▶ _About this exercise_:
Using the records that follow, reproduce exactly the lines starting at the line containing "I needed some" and ending at the line containing "Hi everybody, I'm". Include both end lines and no pictures.

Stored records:
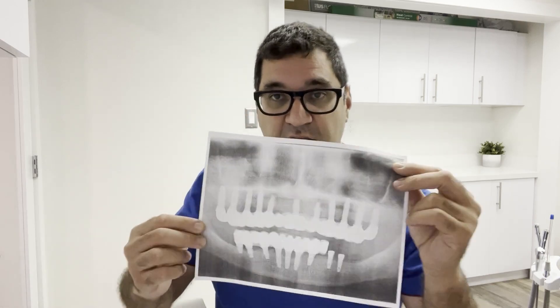Now, all-on-four is just about as good as this, but if you want the Lamborghini — the very best — full mouth dental implants is what you want. So let's discuss what it takes to do a case like this. This patient has about 11 implants on top and 9 implants on the bottom — about 20 implants total.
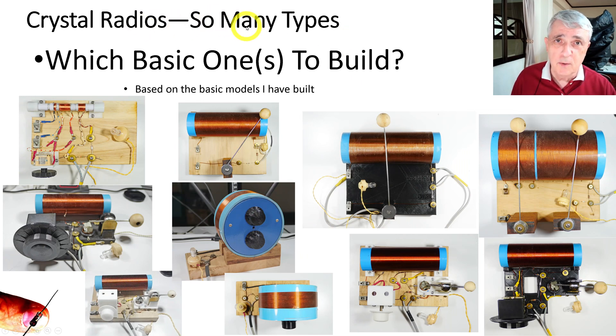There are many types of crystal radios and I've built a few of them. Based on the models I have built, I thought I would go through and rate them on how easy they are to build and which one you should build first. Here are some photographs of a few of them that I've built recently.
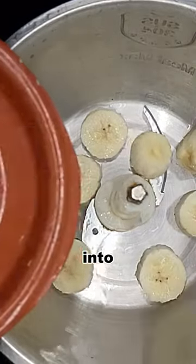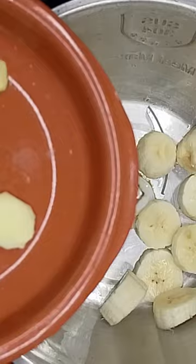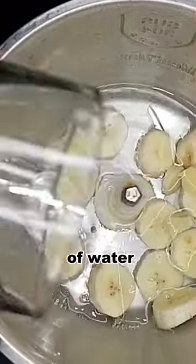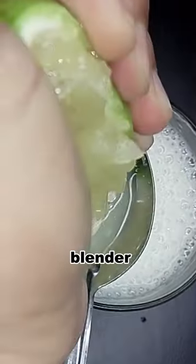Place the banana slices into your trusty electric mixer. Add the refreshing ginger slices, along with 100 ml of water. Now, let the electric blender work its magic.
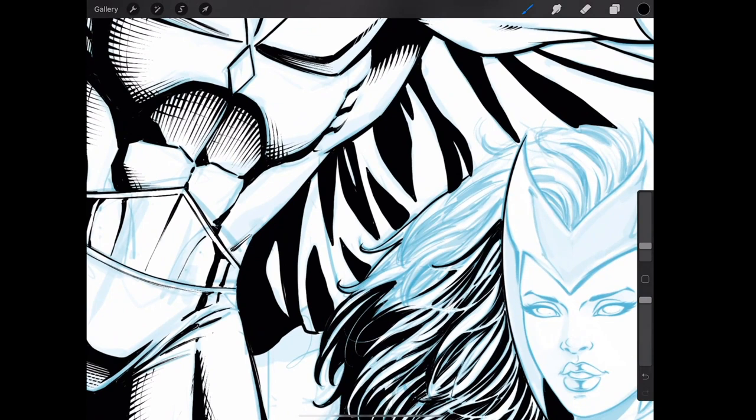The inking doesn't have to match the exact underdrawing. Sometimes it's a good idea if the underdrawing is really nice and you want to retain that. But then there are other times I draw loosely and try to figure it out as I'm inking, and sometimes you get the best results that way. If you can make it better, make it better — it doesn't have to be true to the original illustration.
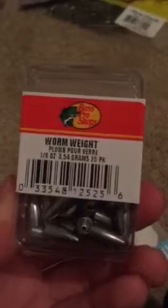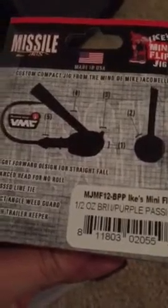I needed some weights, so I picked up some worm weights. I also got two Missile Baits flipping jigs — very sick jigs. I might make an overview on these. We have green pumpkin and a brown/purple color. Two awesome jigs I bought for only five dollars — very cheap.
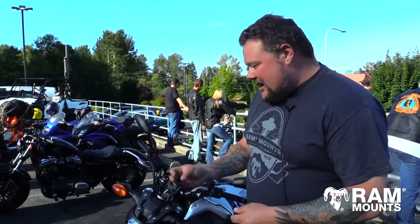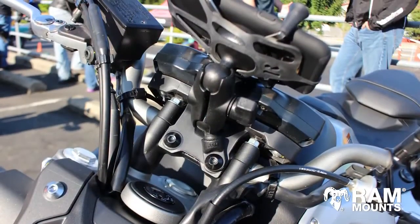Hi everybody, I'm Jason with RAM Mounts and we're here at the Rally in the Valley at Henshaw's Honda in Auburn, Washington. Today I'm going to put our pass-through ball on a Yamaha FZ07.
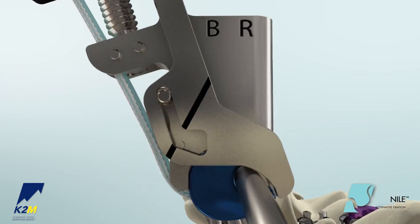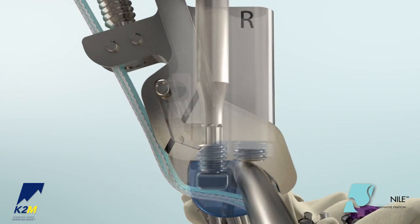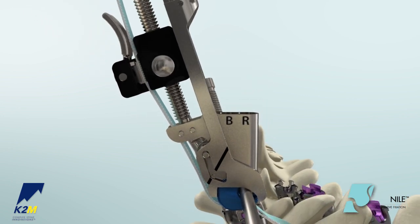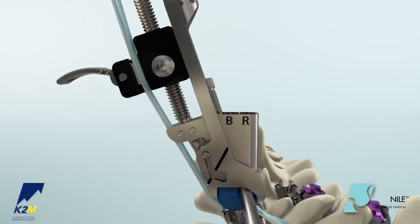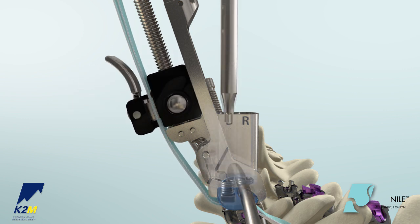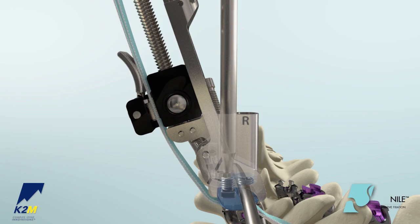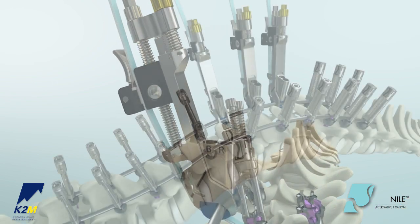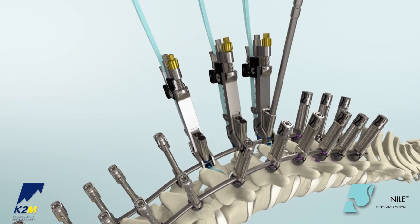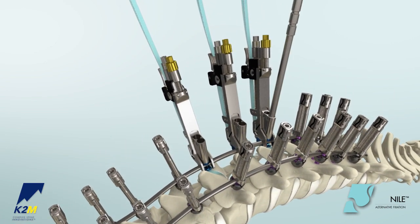If additional reduction is required, provisionally tighten the band set screw through the hole labeled B to hold tension and release the bands by flipping the lever down. Push the button on the side of the carrier and slide it down along the threads. Lock the band onto the tensioner again and loosen the band set screw. Repeat the reduction maneuver. Once desired band tension is achieved, first final tighten the rod set screw through the set screw hole, then final tighten the band set screw.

▶ _Finished exercise_:
I needed some weights, so I picked up some worm weights. I also got two Missile Baits flipping jigs — very sick jigs. I might make an overview on these. We have green pumpkin and a brown/purple color. Two awesome jigs I bought for only five dollars — very cheap.
Hi everybody, I'm Jason with RAM Mounts and we're here at the Rally in the Valley at Henshaw's Honda in Auburn, Washington. Today I'm going to put our pass-through ball on a Yamaha FZ07.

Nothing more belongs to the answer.